Wisconsin strives to end childhood poverty in quest to boost kids’ well-being
MADISON, Wis. (WKBT) — The Wisconsin Office of Children’s Mental Health is launching an effort to eliminate childhood poverty to improve children’s well-being.
Director Linda Hall announced the effort Tuesday, with the title of “Supporting Child Well-being through Eliminating Childhood Poverty,” which details what communities, schools, parents and policymakers can do to help the effort succeed.
Hall said the initiative, based on the conclusion that “growing up in poverty is detrimental to a child’s overall well-being, affecting virtually every area of their life,” includes a new fact sheet on the issue, with some of the points including:
• Stopping the cycle of intergenerational poverty increases children’s opportunities to attend post-secondary programs, achieve higher incomes, live in stable housing and have better quality and length of life.
• When the cost of childcare, economic safety net programs and tax burdens on low-income workers are considered, the percentage of families living in poverty has been increasing since 2015.

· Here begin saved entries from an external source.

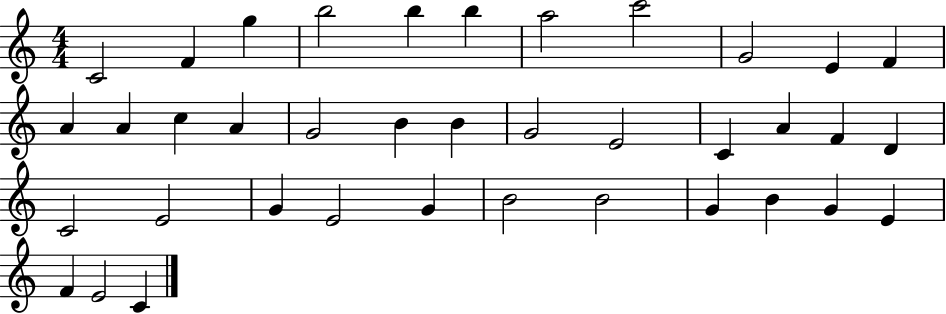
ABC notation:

X:1
T:Untitled
M:4/4
L:1/4
K:C
C2 F g b2 b b a2 c'2 G2 E F A A c A G2 B B G2 E2 C A F D C2 E2 G E2 G B2 B2 G B G E F E2 C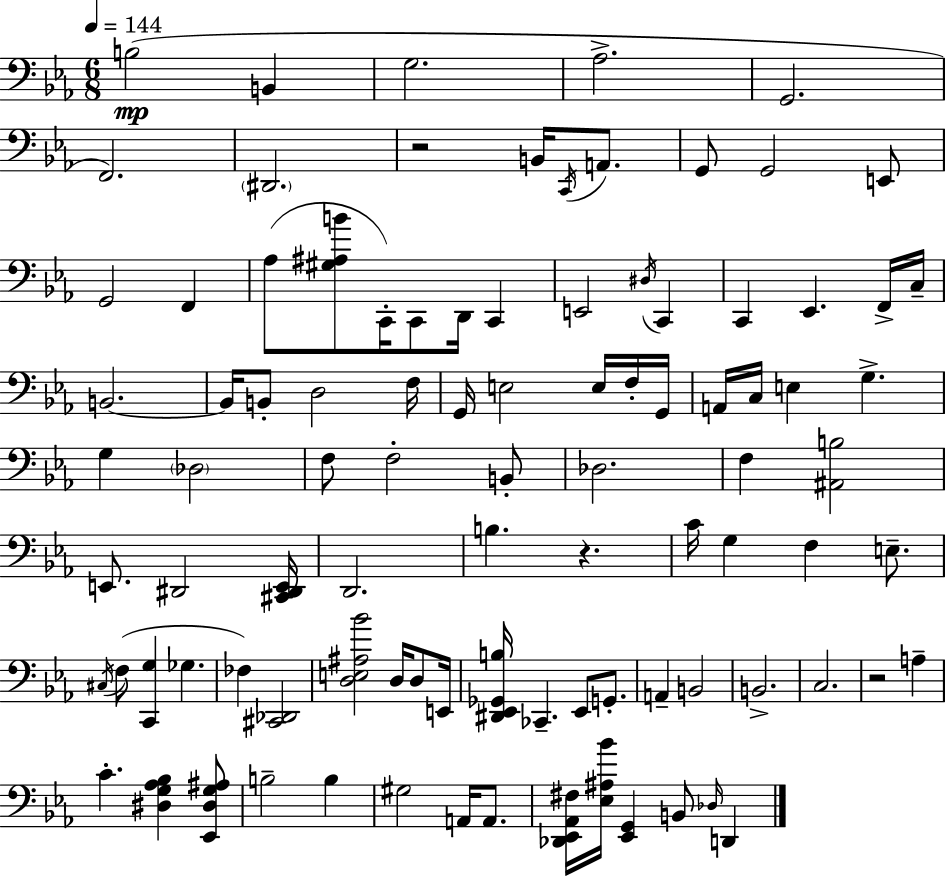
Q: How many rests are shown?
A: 3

• Adults in households that are struggling often work as cashiers, nursing assistants, laborers and security guards. Any change in expenses may push them into poverty.
• 70% of households classified as single female with children don’t have enough income to make ends meet but earn too much to be eligible for safety net programs.
• Food insecurity and housing instability plague children in poverty, but the pandemic makes it more difficult for families to provide basic needs. Black and brown families have a harder time providing basic needs than white families.
What steps can help?
• Parents can encourage children to complete high school and avoid risk factors for poverty.
• Communities can remove barriers to child care and transportation so adults have access to more job opportunities.
• Schools can teach children how to build strong relationship skills to ensure successful school and employment outcomes.
• Policymakers can raise the minimum wage and Earned Income Tax Credits.
The full fact sheet is available on the Wisconsin children’s health website.